The name of a thing can be exceptionally important in determining how it is perceived. A few notable examples are as follows:

  1. The Mensheviks & the Bolsheviks: Lenin was initially outnumbered by his opponents within the Russian Social Democratic Labour Party. However when he (through dubious procedural wrangling) obtained a temporary majority on the party’s central committee, he seized a branding opportunity – labelling his minority faction “the Majority” (Russian: “Bolsheviks”) and his opponents “the Minority” (Russian: “Mensheviks”). When the Mensheviks had the poor judgment to accept this framing, they laid themselves open to potent charges of factionalism; they were a “minority” undermining the unity and strength of the “majority”, after all.

  2. The USA PATRIOT Act and friends: the attention paid by legislators to giving their acts names with comically positive connotations, indicates their belief in the persuasive importance of those names. In the US alone, acts with names clearly selected for persuasive potency have included the “Dream Act”, the “Disclose Act”, the “HOPE Act”, the “LIFE Act, the “Affordable Care act” and the “America Competes (for America Creating Opportunities to Meaningfully Promote Excellence in Technology, Education and Science)”, amongst many others.

  3. Antifa & Black Lives Matter: in the aftermath of this year’s anti-police violence protests, there have been numerous arguments, often from prominent media figures, to the effect that opposition to Antifa entailed support for fascism, and opposition to BLM entailed a belief that black lives did not matter. Whatever one may think of Antifa or BLM, this is an obvious confusion. If the KKK renamed themselves the Anti-Racism League, they would not cease to be bigots; and just because you call yourself something, doesn’t mean you are that thing. Despite the transparency of the error, it was believed and amplified across social media, significantly influencing the public conversation surrounding these pressure groups.

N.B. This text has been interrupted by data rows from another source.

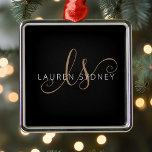 Monogrammat med modern svart Guld-latin Julgransprydnad Metall<br><div class="desc">Modern Black Guld Feminine Script Monogrammed Metall Ornament. Anpassa enkelt den här moderna eleganten metall-prydnaden med ditt anpassningsbar monogram och namn.</div>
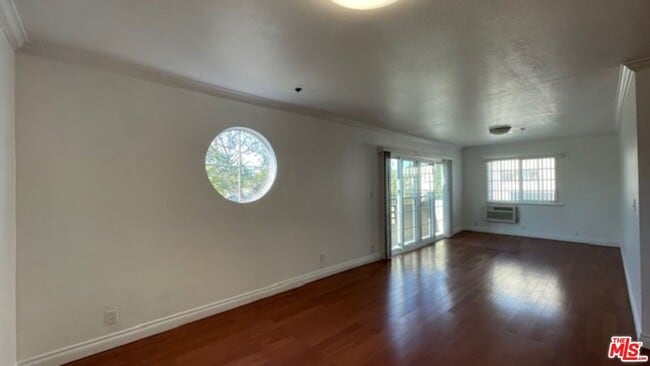 Building Photo - 1212 Arapahoe St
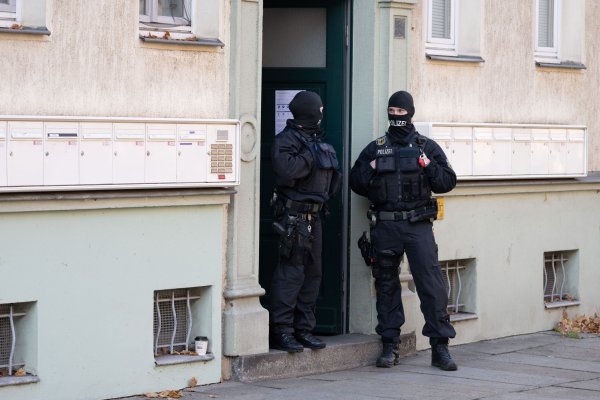Festnahmen bei Razzia gegen Rechtsterroristen. - © Sebastian Kahnert/dpa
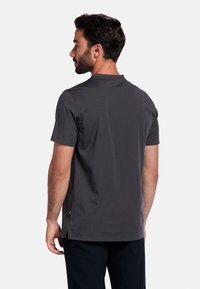 Heren t-shirt met korte mouwen in donkergrijs, gemaakt van zachte stof, met een ronde halslijn en geventileerde zijkanten voor gemakkelijke beweging.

Looking at some of the examples above, we can see that names are especially persuasively potent where the named entity is novel, or otherwise little known. Here the name constitutes a disproportionate amount of the information individuals possess about the name bearer. Legislators know that the public are unlikely to trawl through hundreds of pages of legalese when assessing the quality of their novel bills. Likewise, Antifa is a novel social movement, which the average individual did not know anything about, prior to its rise to prominence over the Summer of 2020.

The Tragedy

The power of a name is an incitement to use; not only in clear cut cases where a name obviously applies, but also in edge cases, where it probably ought not apply, but where its meaning can be stretched to rhetorical advantage. If this happens often enough, however, it can undermine the power of a name through two mechanisms:

The first and most pertinent is associational drift. A name gains potency from the associations attached to it, where such associations are determined by the set of instances in which an individual experiences the name being used. When a name is deployed in edge cases, those edge cases will come, over time, to comprise an ever-larger proportion of that set of instances. Edge cases, by definition, involve circumstances atypical to the initial set of instances determining a name’s associations. As the set of instances associated with a name change, so too will its associational character: its meaning. Real examples of words undergoing dramatic associational drift include “literally” (which now also means “metaphorically”) and “awesome” (which used to describe the terrible power of the Gods, but now can be applied to a fashionable pair of trousers).

The second means by which usage undermines power is through familiarity. Whilst rare terms can shock, surprise and spur curiosity; familiar terms cannot. A notable difference between associational drift and familiarity is that, whilst the latter can operate whenever a word is overused, even if it is overused accurately; the former is limited to cases where a word (is perceived to be) misused.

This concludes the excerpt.